Disease pathogenesis and adult neurogenesis
Evidence indicates a potential role of adult neurogenesis in the etiology of neurodevelopmental disorders. The Neurogenesis and Brain Repair Lab at Mayo Clinic is exploring this relationship through approaches in behavioral neuroscience to quantify learning and memory and better understand how cognitive function may be affected by adult neurogenesis.
An understanding of the connection between adult neurogenesis and neurodevelopmental disorders will provide insight into novel therapeutic interventions, effectively targeting a wide range of neurological disorders associated with cognitive impairments.
Identifying a novel molecular target for improving cognitive deficits associated with neurodegenerative disorders
The central goal of this project in Dr. Jang's lab is to determine the intrinsic or extrinsic molecular factors that promote neural stem cell activation and subsequent neurogenesis, providing potential targets for effective therapeutic strategies.
Aging is the greatest risk factor for neurodegenerative disorders with cognitive deficit. The discovery of neural stem cells and ongoing neurogenesis in adulthood brings the hope of brain rejuvenation. Neural stem cells can exist in either active or quiescent states. However, while aged hippocampi preserve neural stem cells, the cells shift into a quiescent state, contributing to age-related reduction in hippocampal neurogenesis and thereby memory decline.
Investigating molecular mechanisms regulating myelination and myelin repair
Appropriate myelin formation is critical for early brain development. Defects in this process are linked to disorders such as leukodystrophies and multiple sclerosis. While critical to brain development and myelin pathology, the underlying mechanisms mediating myelination remain incompletely understood.

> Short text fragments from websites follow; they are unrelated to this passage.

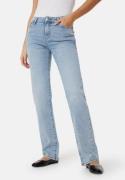 Pieces Pckelly Mid Waist Straight Jeans Light Blue Denim 29/32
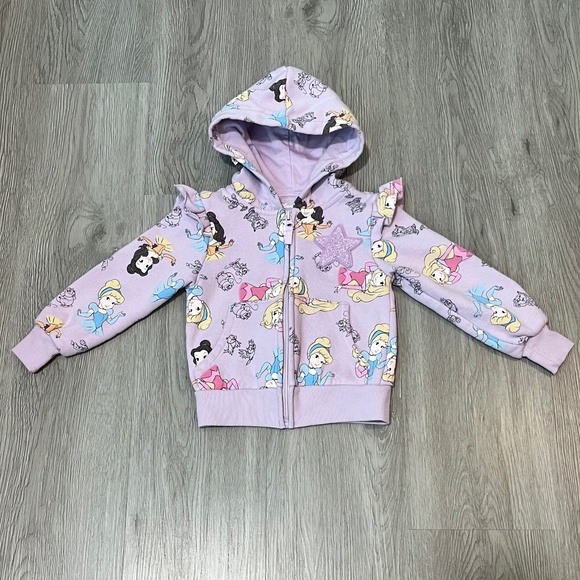 Little Girl's Disney Princess & Solid Blue Full Zip Hooded Sweat Jackets Size 4T - Picture 4 of 13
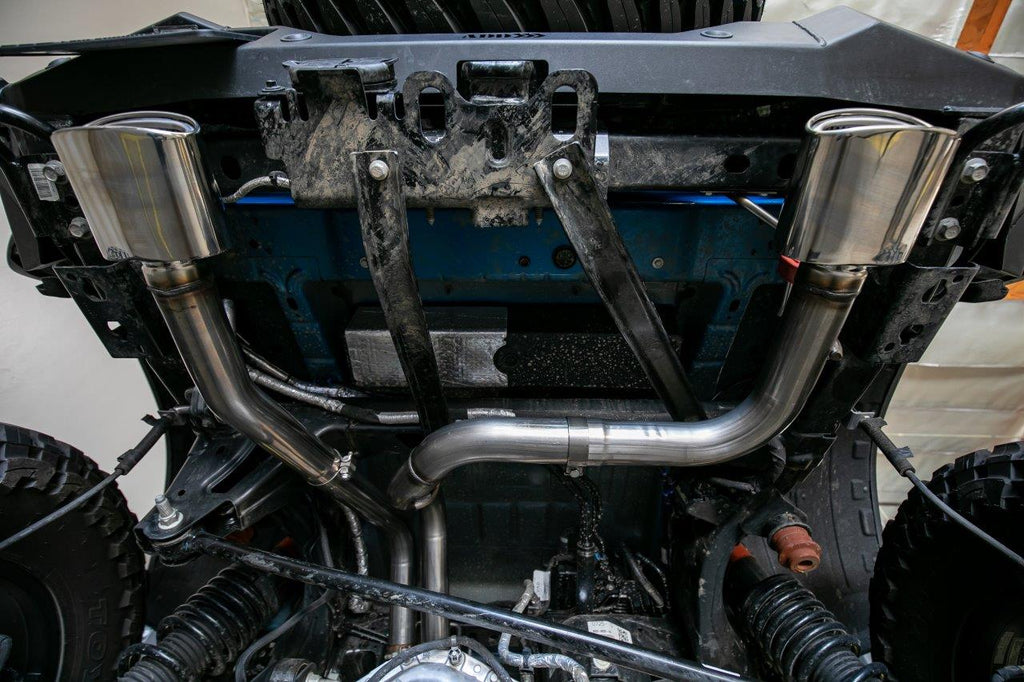 Remark -2022-2023 Ford Bronco Raptor Dual Axle-Back Hi-Clearance w/ Dual Polished Tips - Exhaust Parts Pro - REMRBD-A1063F-06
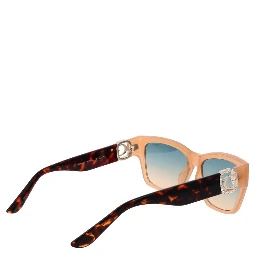 Beige Stainless Steel Sunglasses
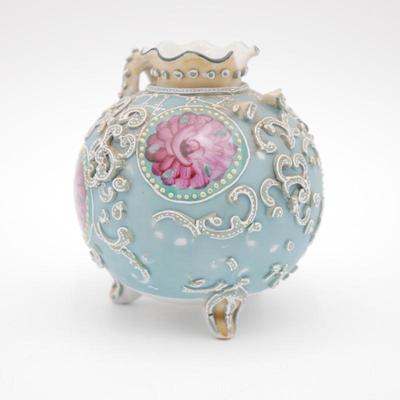 Hand Painted Moriage Round Floral Porcelain Vase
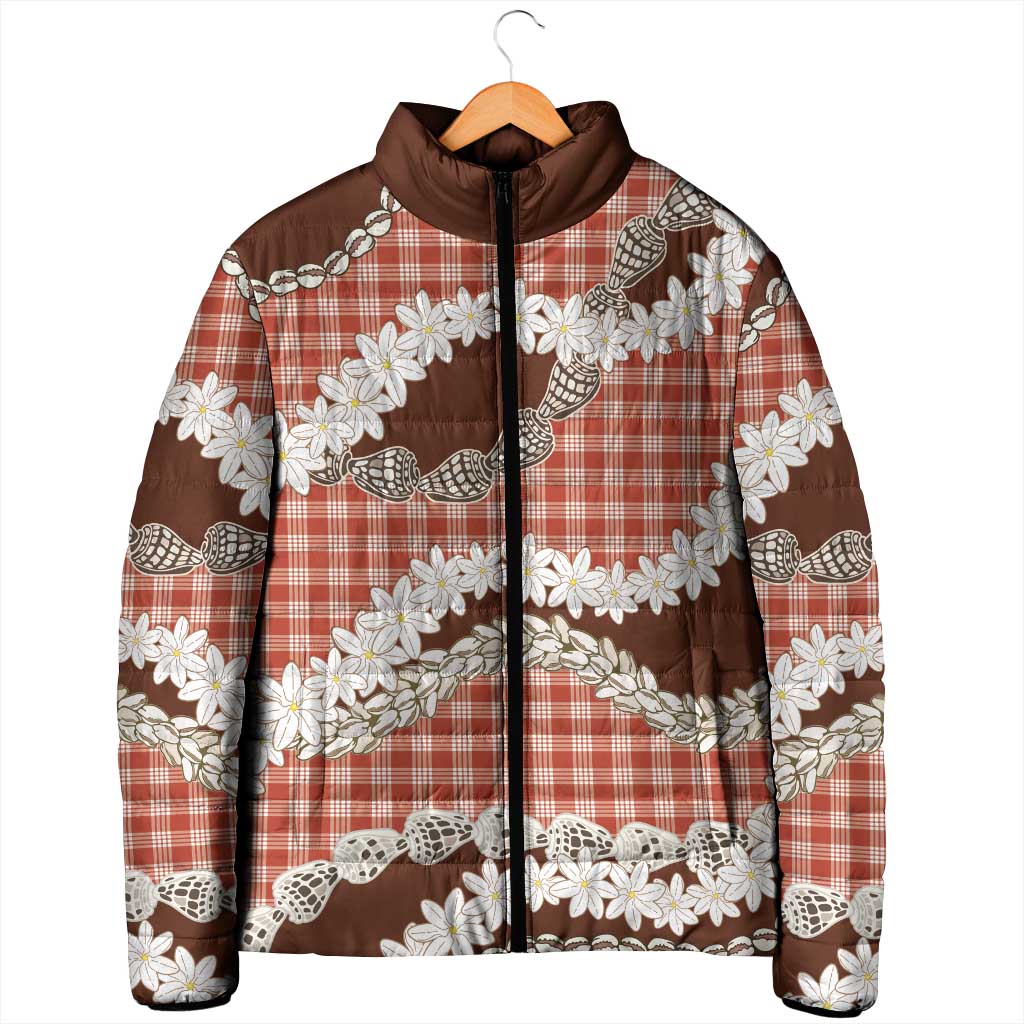 Red Hawaii Tiare and Shell Lei Padded Jacket Hawaiian Palaka Luxury Vibes - Polynesian Pride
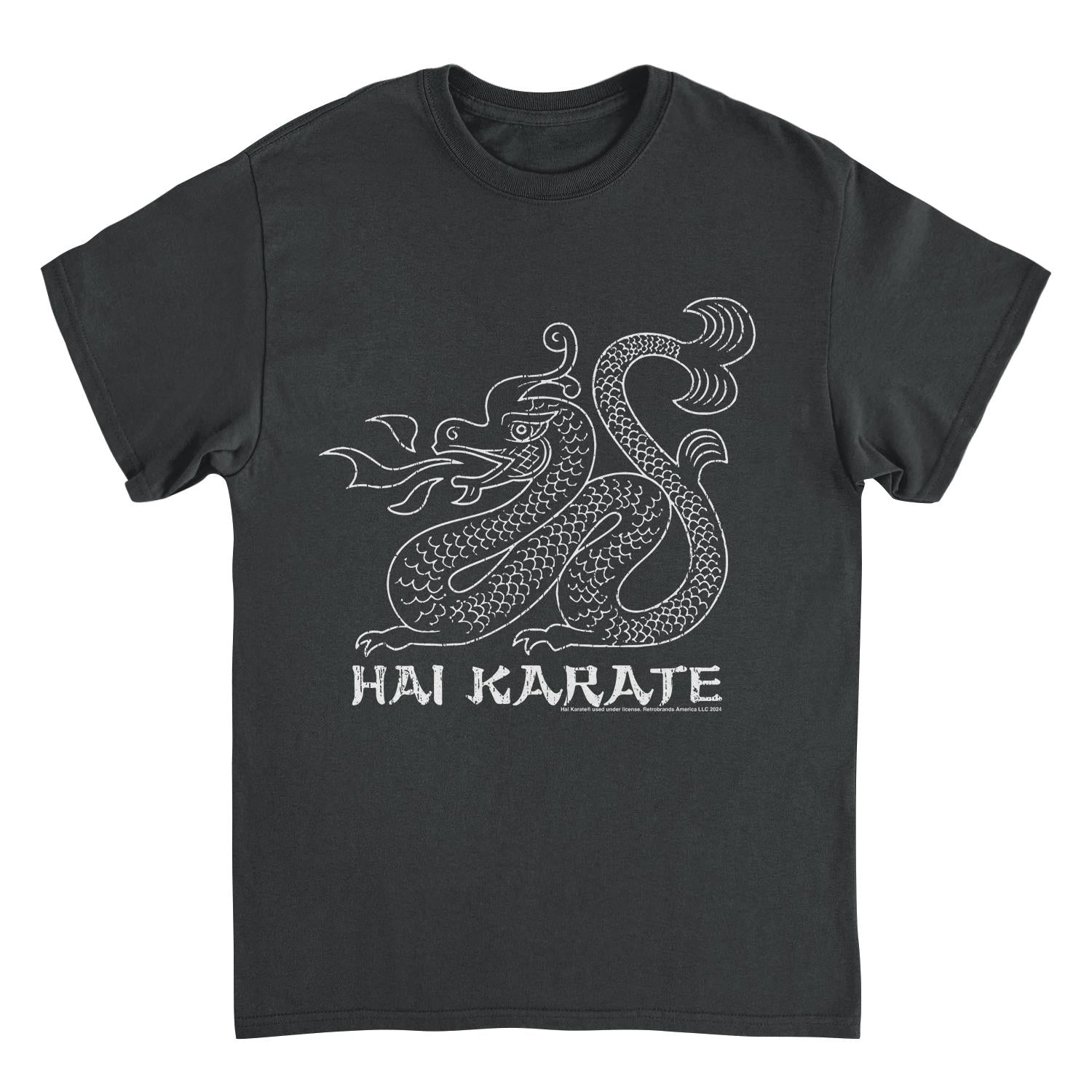 Hai Karate White Dragon Retro Aftershave Black T-Shirt by HandyShopping4U2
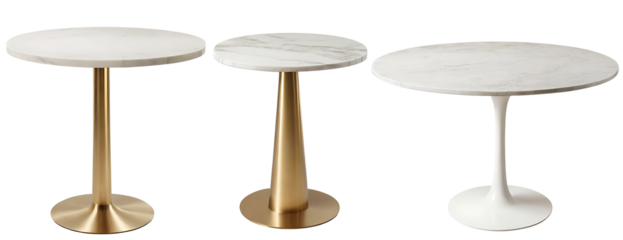 Three round marble dining tables with a white marble top and different pedestal bases: two with a gold metal tulip base, and one with a white tulip base. Perfect for interior design websites, furnitur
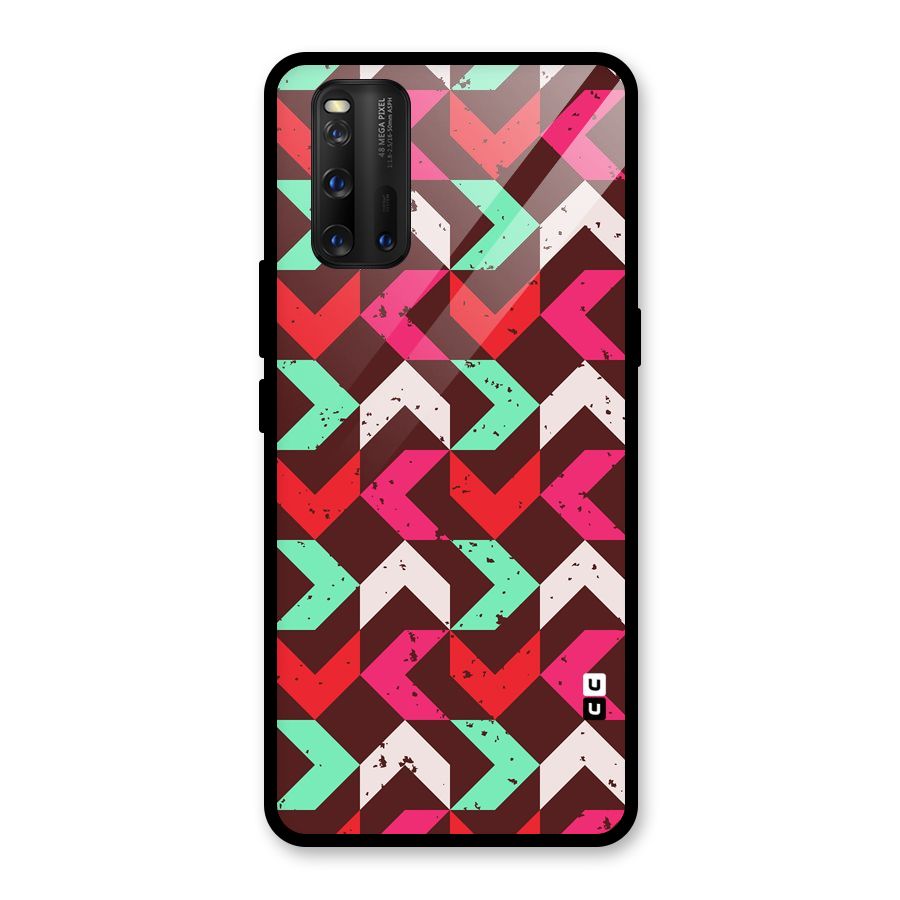 Retro Red Pink Pattern Glass Back Case for Vivo iQOO 3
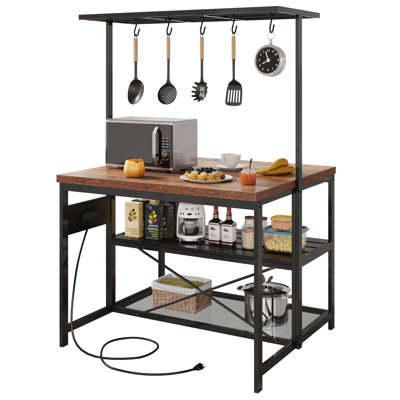 Yurt Kitchen Island with Manufactured Wood Top by 17 Stories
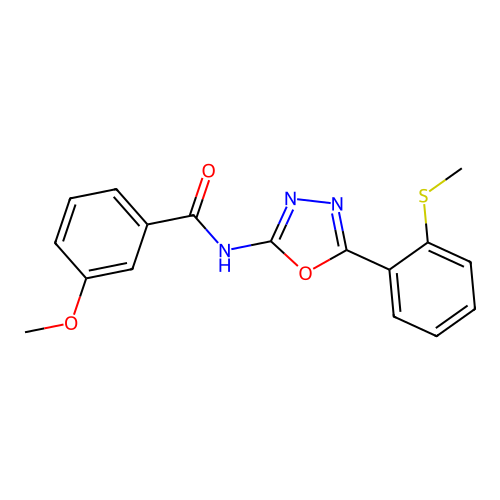 3-methoxy-N-[5-(2-methylsulfanylphenyl)-1,3,4-oxadiazol-2-yl]benzamide structure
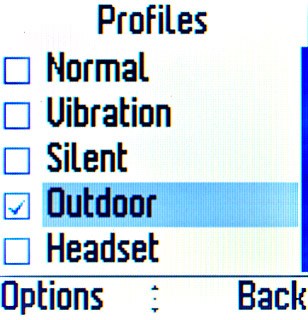 Highlight the active profile and press Options.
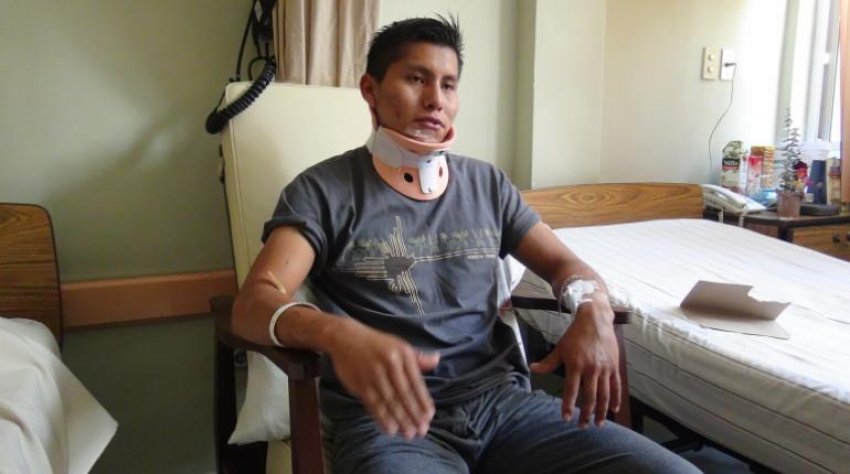 Erwin Tumiri escapou com vida de um acidente envolvendo um ônibus na Bolívia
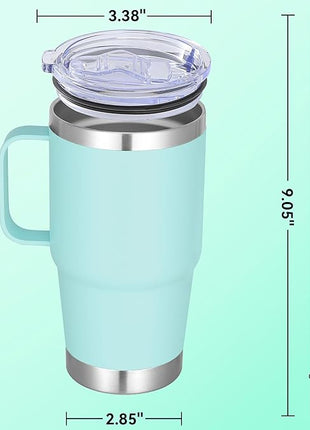 20 oz Stainless Steel Tumbler with Handle Bulk Metal Insulated Tumblers Travel Coffee Mug with Handle Double Wall Tumbler Cup with Lid and Straw, Mint Green 6 Pack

Specifically, while myelination is accomplished by oligodendrocytes derived from oligodendrocyte progenitor cells, the mechanisms regulating their generation remain elusive.
Therefore, the lab aims to identify the molecular pathway regulating oligodendrocyte generation involved in myelin production, providing potential targets for effective therapeutic strategies for a broad spectrum of myelin-related disorders.